Due to its popularity, it is now being continued by the new Chair of the editorial advisory board, (known since the early twentieth century as the Moot), Stuart Mole.
View the messages by selecting any of the links below:
September 2011
50th Anniversary of the death of Dag Hammarskjöld
Fifty years ago this month, the world was shocked to learn of the sudden death of the second United Nations Secretary-General, the death of Dag Hammarskjöld. The circumstances of his death were unexplained. At that time, Hammarskjöld was at the eye of a storm. A UN peacekeeping force was in the newly-independent Congo but had not been able to prevent the deposition, abduction and murder of the Congo's charismatic Prime Minister, Patrice Lumumba. This had led to widespread criticism among African and Asian countries in particular, and from the Soviet Union. Security Council approval was given for an enhanced peace-keeping operation and UN troops entered Katanga province but were soon in conflict with secessionist forces. France and the Soviet Union had withheld support for the new UN mission and, with others, argued that its mandate was being exceeded. Powerful commercial, military and political interests wanted Moise Tshombe, Katanga's puppet leader, to remain in power, and Belgian and other foreign mercenaries were enlisted for this purpose.

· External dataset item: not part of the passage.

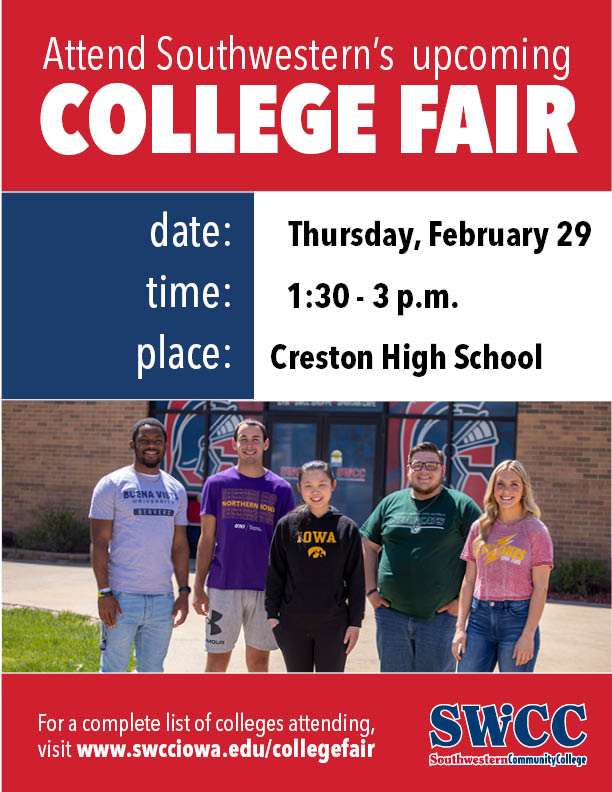 College Fair Flyer February 29, 2024
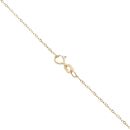 9ct Yellow Gold 0.33ct Brilliant Cut Blue And Colourless Diamond Cluster Pendant And Chain 18"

With the UN mission under criticism from all quarters, Hammarskjöld sought to initiate peace negotiations. Flying at night to avoid Katangese fighter planes, Hammarskjöld and his personal staff travelled from Leopoldville (now Kinshasa) to Ndola, in what was then the British Colony of Northern Rhodesia. At 11.30 on the night of 17 September, Hammarskjöld's DC-6 "Albertina", with its Swedish crew, radioed Ndola control tower that it was overhead. Contact was then lost though local witnesses reported seeing a bright flash. Some fifteen hours later, a search party found the wreckage of the "Albertina" six miles away from Ndola. Hammarskjöld and all but one of his fifteen crew and companions were dead. The badly-burned survivor, Sgt. Harold Julien, spoke of explosions before the crash. Expected to survive, he died some days later, reportedly of uremia following kidney failure.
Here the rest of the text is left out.